07\02\2015 – Sono mesi, ormai, che l’interrogativo resta sempre il medesimo: che destino attende il centrodestra italiano? Non sono tempi felici e non solo per le condizioni in cui si trova Silvio Berlusconi, che, almeno per il momento, è il solo ad essere in grado di riportare ad unità politica le varie posizioni interne ed esterne a Forza Italia, ma anche perché la politica italiana corre, ormai, a ritmi quasi forsennati. Nessuno (o quasi) vuole restare indietro e per non perdere posizioni di privilegio, oltre alla corsa frenetica, si è pronti anche a compiere balzi spropositati. I cambi di casacca, si sa, non sono una novità nella nostra storia e, infatti, non stupiscono più del necessario. Valori, programmi, progetti e prospettive, sono sempre sacrificabili sull’altare della “dea partitocrazia”, vero cancro che riesce ad avvelenare ogni processo democratico, ancora peggio delle stesse mafie.
Sul fenomeno del “trasformismo”, riportiamo alcune righe tratte da un articolo di Orlando Sacchelli sul quotidiano ilgiornale.it.
“Il trasformismo – si legge – ha origini antiche. Ufficialmente in Italia vede la luce nel 1882, governo Depretis, con il presidente del Consiglio che pubblicamente auspicò l’ingresso nella maggioranza degli esponenti della Destra storica più progressisti”. È trascorso più di un secolo e, dati alla mano, la storia è sempre uguale, tanto è vero che neppure il vento rottamatore renziano è riuscito a spazzare via questo mal costume (per usare un eufemismo) che degrada la democrazia, appunto, a partitocrazia. Ammesso e non concesso che questo obiettivo rientrasse nel panorama riformatore di Renzi, non è stato, pertanto, raggiunto.
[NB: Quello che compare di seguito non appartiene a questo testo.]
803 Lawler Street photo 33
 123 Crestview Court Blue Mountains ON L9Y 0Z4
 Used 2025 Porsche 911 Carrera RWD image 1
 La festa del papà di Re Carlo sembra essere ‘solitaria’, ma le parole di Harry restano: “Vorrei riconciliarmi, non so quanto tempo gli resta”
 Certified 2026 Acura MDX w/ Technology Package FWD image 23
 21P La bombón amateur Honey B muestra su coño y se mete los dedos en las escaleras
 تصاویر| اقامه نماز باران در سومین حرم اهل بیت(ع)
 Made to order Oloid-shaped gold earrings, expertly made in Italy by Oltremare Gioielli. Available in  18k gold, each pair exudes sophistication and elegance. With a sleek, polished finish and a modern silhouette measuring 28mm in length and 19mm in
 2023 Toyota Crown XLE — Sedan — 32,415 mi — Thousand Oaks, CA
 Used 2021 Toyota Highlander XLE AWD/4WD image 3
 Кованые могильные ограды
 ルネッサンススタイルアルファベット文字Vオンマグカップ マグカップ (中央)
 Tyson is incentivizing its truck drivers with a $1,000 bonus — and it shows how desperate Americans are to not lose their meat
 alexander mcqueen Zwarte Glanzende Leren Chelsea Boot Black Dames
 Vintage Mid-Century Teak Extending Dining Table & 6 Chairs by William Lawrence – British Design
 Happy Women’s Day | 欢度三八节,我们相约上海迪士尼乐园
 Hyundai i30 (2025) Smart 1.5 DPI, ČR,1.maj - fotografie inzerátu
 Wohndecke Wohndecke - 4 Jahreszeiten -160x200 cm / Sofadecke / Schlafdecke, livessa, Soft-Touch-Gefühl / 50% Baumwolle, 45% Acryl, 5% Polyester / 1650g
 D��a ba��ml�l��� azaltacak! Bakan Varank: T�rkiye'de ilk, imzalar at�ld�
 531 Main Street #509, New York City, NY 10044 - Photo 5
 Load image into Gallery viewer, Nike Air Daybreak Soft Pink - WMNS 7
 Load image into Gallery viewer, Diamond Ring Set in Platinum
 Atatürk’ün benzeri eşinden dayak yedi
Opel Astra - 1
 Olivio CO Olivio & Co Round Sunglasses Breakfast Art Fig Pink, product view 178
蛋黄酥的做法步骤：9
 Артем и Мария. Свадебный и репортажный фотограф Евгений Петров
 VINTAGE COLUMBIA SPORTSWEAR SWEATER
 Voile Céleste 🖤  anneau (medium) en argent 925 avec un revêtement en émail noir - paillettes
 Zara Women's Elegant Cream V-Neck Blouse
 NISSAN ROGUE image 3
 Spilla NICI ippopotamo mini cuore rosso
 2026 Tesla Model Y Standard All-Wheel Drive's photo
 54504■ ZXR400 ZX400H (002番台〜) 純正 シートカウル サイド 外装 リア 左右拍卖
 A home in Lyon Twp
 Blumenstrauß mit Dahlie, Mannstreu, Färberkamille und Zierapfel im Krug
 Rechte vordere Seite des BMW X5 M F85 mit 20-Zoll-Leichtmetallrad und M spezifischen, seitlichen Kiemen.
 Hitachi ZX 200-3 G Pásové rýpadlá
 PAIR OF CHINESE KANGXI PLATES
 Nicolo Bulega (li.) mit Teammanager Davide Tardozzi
Anzi, per salvare capra e cavoli, è lo stesso ex sindaco del Pd che plaude alla scelta di coloro che in queste ore (seguendo l’esempio di ci li ha preceduti) sono appena saliti sul carro del segretario del pd, o sono in procinto di salirci, tra ex montiani, ex vendoliani e, probabilmente, ex cinquestelle. Alcuni hanno preferito l’adesione al gruppo misto. Ma non è tutto. Quest’ultima legislatura – quella anche di Renzi, per essere chiari – a quanto sembra mira finanche a battere tutti i record precedenti, dopo essere riuscita nella triste impresa di rimangiarsi quasi interamente la rottamazione, lasciandoci in dote nient’altro che una mera operazione di market o pubblicità. Nel suo articolo, Sacchelli, mette infatti in evidenza come “i ‘cambi di casacca” abbiano toccato l’alta quota di 173, persino superiore a quello della legislatura precedente (160), che aveva visto la crisi del governo Berlusconi e l’instaurazione del governo “tecnico” presieduto da Monti.